Ich darf mich vorstellen: Maikel, mein Name. Ich bin ein Kaninchen. Und jetzt gerade sitze ich in einer Kühlbox irgendwo in Süddeutschland. Aber dazu kommen wir noch.
»Was? Ein Kaniiinchen!? Und es spriiiicht?«, fragt ihr nun.
Ja, kann ich da nur sagen. Ich spreche. Mit euch. Na und?

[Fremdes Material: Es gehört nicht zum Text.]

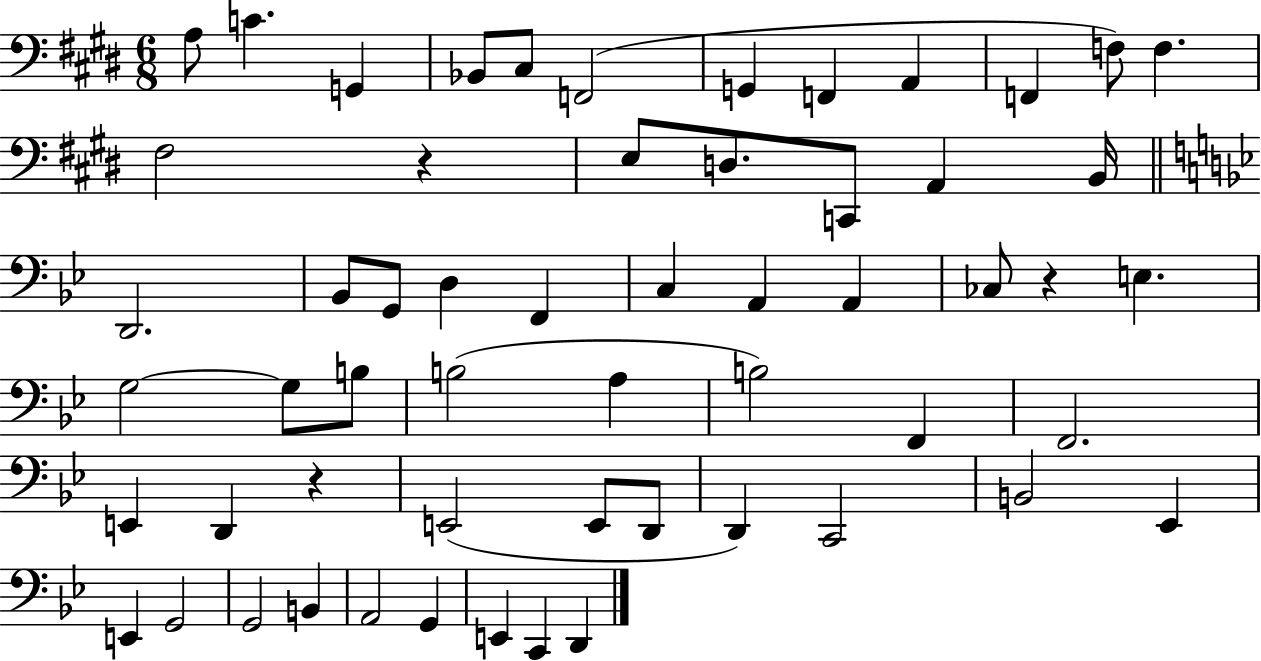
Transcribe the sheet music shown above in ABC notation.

X:1
T:Untitled
M:6/8
L:1/4
K:E
A,/2 C G,, _B,,/2 ^C,/2 F,,2 G,, F,, A,, F,, F,/2 F, ^F,2 z E,/2 D,/2 C,,/2 A,, B,,/4 D,,2 _B,,/2 G,,/2 D, F,, C, A,, A,, _C,/2 z E, G,2 G,/2 B,/2 B,2 A, B,2 F,, F,,2 E,, D,, z E,,2 E,,/2 D,,/2 D,, C,,2 B,,2 _E,, E,, G,,2 G,,2 B,, A,,2 G,, E,, C,, D,,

Und ihr reißt die Augen auf. »Was ist das hier, ein Määäärchen?«
Nein. Das hier ist kein Märchen. Es ist eine Geschichte, die rein gar nichts mit einem Märchen zu tun hat, ja? Wir sind hier alle total real. Und eigentlich geht’s in dieser Geschichte auch gar nicht um mich, sondern um meinen besten Freund.
Aber fangen wir vorne an.
Mein bester Freund heißt Andrea. Oder Andi, wie ich ihn nenne, klingt irgendwie … besser, finde ich. Und nur, falls ihr wieder fragt, nein, Andi ist kein Kaninchen, sondern ein Mensch. Ist doch nicht so schwer zu kapieren, oder? Langsam macht’s klick, wa?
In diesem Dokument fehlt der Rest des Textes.